O Observatório das Metrópoles promove, nos dias 4 e 5 de setembro no IPPUR/UFRJ, o Seminário “Metropolização e Megaeventos: os impactos da Copa do Mundo e das Olimpíadas no Rio” com o objetivo de analisar o modelo de cidade que tem sido estruturado pela Prefeitura do Rio de Janeiro no contexto dos megaeventos esportivos – um empreendedorismo voltado para o capital e para o mercado. Em oposição a esse modelo surge um novo projeto de cidade: uma governança urbana empreendedora de coalizão social capaz de promover o desenvolvimento da cidade do Rio de Janeiro e de sua metrópole, gerando mais igualdade para a sua população e bem-estar urbano.

O Observatório das Metrópoles, com o apoio da Finep, tem investigado e monitorado os impactos dos megaeventos no Brasil a partir do projeto “Metropolização e megaeventos”, tomando por base uma metodologia de pesquisa qualitativa e quantitativa, com a observação e análise do contexto atual da preparação brasileira para a Copa do Mundo e Olimpíadas, aliada à comparação com experiências anteriores tanto no Brasil (XV Jogos Pan-Americanos em 2007) quanto em outros países, a partir de revisão bibliográfica e da utilização de fontes primárias, de maneira a fomentar uma postura crítica frente aos processos sociais verificados. Para a realização da análise, os pesquisadores utilizam quatro eixos estreitamente ligados à inserção da população nos seguintes contextos de transformações territoriais, a saber: (1) Desenvolvimento Econômico; (2) Equipamentos e Serviços Urbanos Sociais; (3) Moradia e Dinâmica Urbana e Ambiental; e (4) Governança Urbana e Metropolitana.

Ademais, a equipe do Observatório das Metrópoles tem dado suporte e apoio aos movimentos sociais e Comitês Populares da Copa e Olimpíadas a fim de gerar documentos e materiais de monitoramento das transformações das cidades-sede no contexto dos megaeventos.
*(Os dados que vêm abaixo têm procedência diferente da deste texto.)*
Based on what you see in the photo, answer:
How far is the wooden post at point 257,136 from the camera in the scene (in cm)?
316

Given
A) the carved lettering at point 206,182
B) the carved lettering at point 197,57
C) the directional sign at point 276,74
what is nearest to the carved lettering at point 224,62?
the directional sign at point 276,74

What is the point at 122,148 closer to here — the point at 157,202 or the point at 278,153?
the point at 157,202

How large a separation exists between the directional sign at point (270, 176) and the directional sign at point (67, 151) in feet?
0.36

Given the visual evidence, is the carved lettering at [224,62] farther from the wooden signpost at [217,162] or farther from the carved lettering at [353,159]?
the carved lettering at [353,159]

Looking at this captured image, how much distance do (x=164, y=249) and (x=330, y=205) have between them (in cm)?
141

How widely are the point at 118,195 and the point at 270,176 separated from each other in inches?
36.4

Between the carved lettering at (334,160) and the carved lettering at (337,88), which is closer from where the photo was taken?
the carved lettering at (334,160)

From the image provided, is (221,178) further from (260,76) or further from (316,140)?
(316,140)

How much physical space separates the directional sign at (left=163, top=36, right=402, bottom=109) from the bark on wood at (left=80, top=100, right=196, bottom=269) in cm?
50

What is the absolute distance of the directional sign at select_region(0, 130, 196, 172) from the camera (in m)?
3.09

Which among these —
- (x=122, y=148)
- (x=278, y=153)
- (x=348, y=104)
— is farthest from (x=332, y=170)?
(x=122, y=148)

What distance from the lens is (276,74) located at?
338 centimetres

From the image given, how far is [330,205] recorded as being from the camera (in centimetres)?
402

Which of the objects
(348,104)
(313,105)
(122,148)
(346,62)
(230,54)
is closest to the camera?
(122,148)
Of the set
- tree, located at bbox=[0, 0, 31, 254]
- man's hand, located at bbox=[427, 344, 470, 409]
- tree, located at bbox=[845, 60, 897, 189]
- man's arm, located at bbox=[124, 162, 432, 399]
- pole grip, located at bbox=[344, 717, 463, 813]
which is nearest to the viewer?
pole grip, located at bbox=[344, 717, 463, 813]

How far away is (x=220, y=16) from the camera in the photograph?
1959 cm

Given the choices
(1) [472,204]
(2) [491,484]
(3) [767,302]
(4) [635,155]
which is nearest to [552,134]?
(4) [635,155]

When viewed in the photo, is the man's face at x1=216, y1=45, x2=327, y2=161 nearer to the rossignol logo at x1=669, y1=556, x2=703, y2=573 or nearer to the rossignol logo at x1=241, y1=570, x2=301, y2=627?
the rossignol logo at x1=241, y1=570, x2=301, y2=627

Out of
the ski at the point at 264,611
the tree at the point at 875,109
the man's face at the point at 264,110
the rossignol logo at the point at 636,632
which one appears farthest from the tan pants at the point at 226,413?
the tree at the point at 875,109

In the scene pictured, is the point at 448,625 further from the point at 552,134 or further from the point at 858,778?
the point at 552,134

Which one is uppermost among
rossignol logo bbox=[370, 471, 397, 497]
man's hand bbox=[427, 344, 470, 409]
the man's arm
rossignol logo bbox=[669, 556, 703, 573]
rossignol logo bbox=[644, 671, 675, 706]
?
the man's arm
Um dos destaques é o relatório “Violações dos Direitos Humanos no Rio de Janeiro”.

Megaeventos na trajetória espaço-temporal do Rio de Janeiro

A mesa de abertura do Seminário “Metropolização e Megaeventos: impactos da Copa do Mundo e das Olimpíadas do Rio de Janeiro” contou, nesta quarta-feira (04/09), com a participação do coordenador nacional do Observatório das Metrópoles, Luiz Cesar de Queiroz Ribeiro; do representante do Comitê Popular Rio Copa e Olimpíadas, Marcelo Edmundo; e do pesquisador do Laboratório Estado, Trabalho, Território e Natureza (Ettern), Glauco Bienenstein.
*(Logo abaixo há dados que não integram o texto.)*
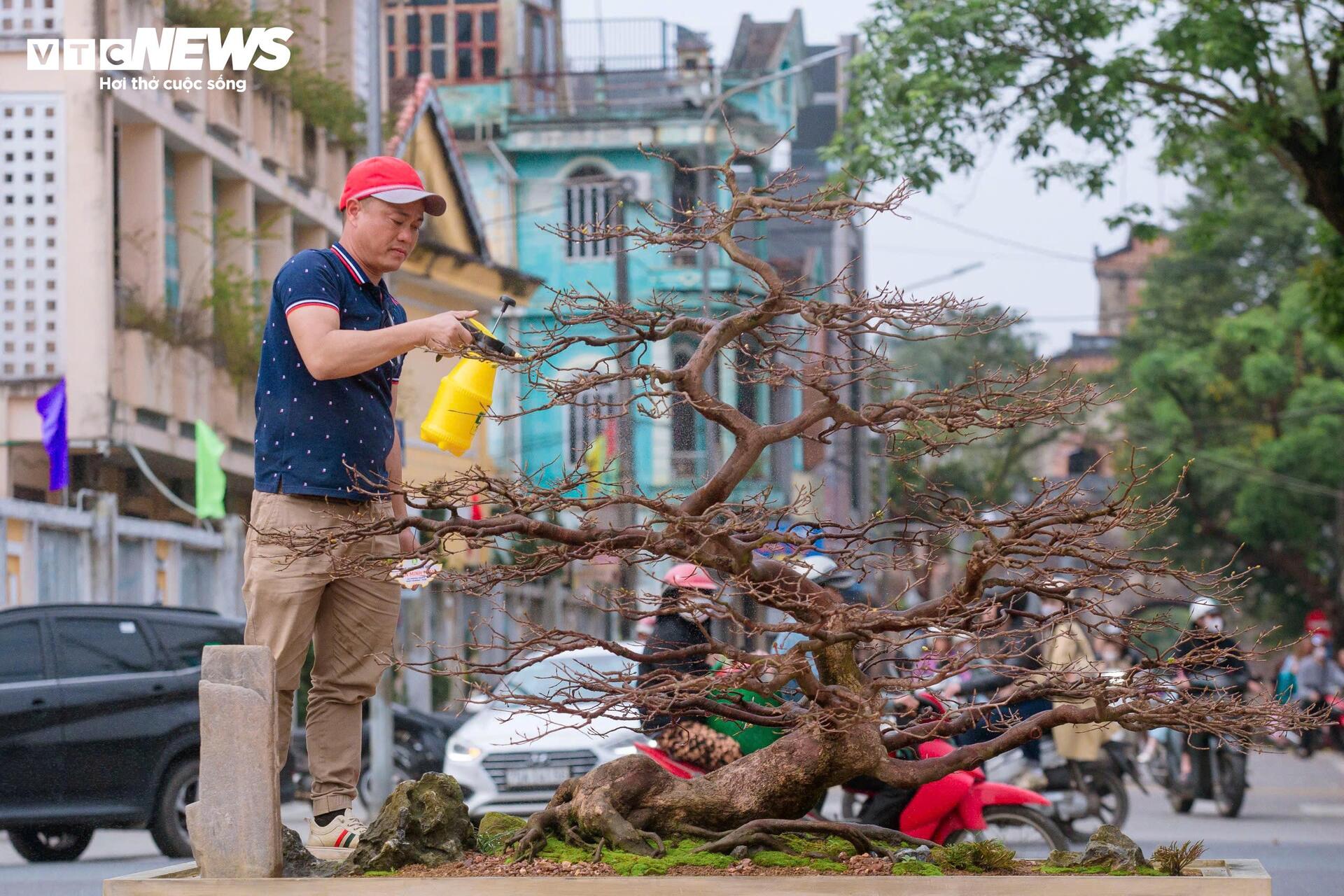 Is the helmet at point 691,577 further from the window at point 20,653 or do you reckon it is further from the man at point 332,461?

Mesa de abertura do seminário Megaeventos: Glauco Bienenstein, Marcelo Edmundo, Luiz César Ribeiro e Orlando Santor Jr.

Luiz Cesar Ribeiro abordou o tema dos megaeventos no contexto da globalização, mostrando que a globalização se caracteriza como um processo de reterritorialização tanto socioeconômico como político-institucional que se desdobra simultaneamente sobre múltiplas escalas geográficas sobrepostas. “Estas considerações nos levam a propor que examinemos os megaeventos como fatos econômicos, políticos, sociais, culturais e espaciais que se inscrevem em uma trajetória espaço-temporal da cidade. O desafio é analisar não as mudanças presentes e materiais, mas responder a seguinte pergunta: em que medida estes acontecimentos influenciam na trajetória histórica da cidade?”, explica.
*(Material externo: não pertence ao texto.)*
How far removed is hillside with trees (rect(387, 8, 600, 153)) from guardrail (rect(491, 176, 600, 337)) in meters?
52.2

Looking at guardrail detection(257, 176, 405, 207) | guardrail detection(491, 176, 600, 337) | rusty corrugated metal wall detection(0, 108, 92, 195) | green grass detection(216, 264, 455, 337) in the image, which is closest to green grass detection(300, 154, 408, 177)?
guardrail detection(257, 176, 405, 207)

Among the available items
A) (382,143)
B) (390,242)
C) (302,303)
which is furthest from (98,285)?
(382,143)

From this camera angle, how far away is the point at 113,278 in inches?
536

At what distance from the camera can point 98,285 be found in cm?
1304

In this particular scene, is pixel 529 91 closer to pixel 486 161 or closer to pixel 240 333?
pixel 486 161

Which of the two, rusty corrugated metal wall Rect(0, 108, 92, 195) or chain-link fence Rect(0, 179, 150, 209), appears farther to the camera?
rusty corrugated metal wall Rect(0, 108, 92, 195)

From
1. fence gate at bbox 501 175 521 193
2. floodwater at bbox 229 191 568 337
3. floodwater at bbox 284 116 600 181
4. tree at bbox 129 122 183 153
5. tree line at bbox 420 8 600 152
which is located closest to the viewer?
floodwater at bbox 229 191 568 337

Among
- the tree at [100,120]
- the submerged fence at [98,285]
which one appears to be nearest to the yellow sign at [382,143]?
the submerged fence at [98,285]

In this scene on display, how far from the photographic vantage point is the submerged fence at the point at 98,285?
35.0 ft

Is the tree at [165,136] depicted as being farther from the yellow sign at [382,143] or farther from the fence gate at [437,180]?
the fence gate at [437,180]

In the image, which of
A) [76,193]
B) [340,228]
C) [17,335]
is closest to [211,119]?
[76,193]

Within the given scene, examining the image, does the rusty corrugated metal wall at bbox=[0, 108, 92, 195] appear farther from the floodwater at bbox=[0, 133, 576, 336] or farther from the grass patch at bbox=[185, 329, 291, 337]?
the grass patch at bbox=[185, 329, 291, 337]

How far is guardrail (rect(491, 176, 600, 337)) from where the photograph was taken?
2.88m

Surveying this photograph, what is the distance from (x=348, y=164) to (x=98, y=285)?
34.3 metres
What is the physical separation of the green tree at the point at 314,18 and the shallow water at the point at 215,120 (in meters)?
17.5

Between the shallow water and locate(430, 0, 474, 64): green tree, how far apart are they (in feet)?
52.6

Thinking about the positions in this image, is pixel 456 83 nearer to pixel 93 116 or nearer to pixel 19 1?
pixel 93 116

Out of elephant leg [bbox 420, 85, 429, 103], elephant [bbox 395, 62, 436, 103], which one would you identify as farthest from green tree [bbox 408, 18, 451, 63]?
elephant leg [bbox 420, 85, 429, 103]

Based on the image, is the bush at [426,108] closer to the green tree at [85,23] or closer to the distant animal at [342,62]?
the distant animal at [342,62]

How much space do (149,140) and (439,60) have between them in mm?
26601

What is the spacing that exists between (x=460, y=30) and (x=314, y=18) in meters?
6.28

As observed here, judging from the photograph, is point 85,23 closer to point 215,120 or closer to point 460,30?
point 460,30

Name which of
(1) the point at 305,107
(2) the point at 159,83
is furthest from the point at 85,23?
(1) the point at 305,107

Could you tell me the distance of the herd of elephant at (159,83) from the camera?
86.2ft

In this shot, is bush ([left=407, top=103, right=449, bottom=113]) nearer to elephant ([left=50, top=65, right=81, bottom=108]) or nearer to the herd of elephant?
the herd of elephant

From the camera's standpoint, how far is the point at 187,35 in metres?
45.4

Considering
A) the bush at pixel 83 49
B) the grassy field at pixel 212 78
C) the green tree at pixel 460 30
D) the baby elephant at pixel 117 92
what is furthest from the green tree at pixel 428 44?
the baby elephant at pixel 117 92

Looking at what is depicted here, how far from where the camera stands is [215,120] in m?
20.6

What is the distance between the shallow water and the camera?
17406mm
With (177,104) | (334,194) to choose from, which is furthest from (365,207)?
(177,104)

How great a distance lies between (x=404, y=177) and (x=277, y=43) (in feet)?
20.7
Segundo Ribeiro, a cidade do Rio de Janeiro tem buscado há alguns anos legitimar um projeto urbano de desenvolvimento baseado no modelo de governança urbana empreendedora, e voltado para a competitividade da cidade. A primeira tentativa foi com Cesar Maia e Luiz Paulo Conde, mas que fracassou devido à fragilidade da coalizão construída e o ambiente macroeconômico desfavorável. “”Agora vivemos o segundo experimento com a aliança Lula/Dilma e Sérgio Cabral/Eduardo Paes; uma coalizão estável, com alinhamento dos níveis de governo e um ambiente macroeconômico muito favorável”, argumenta.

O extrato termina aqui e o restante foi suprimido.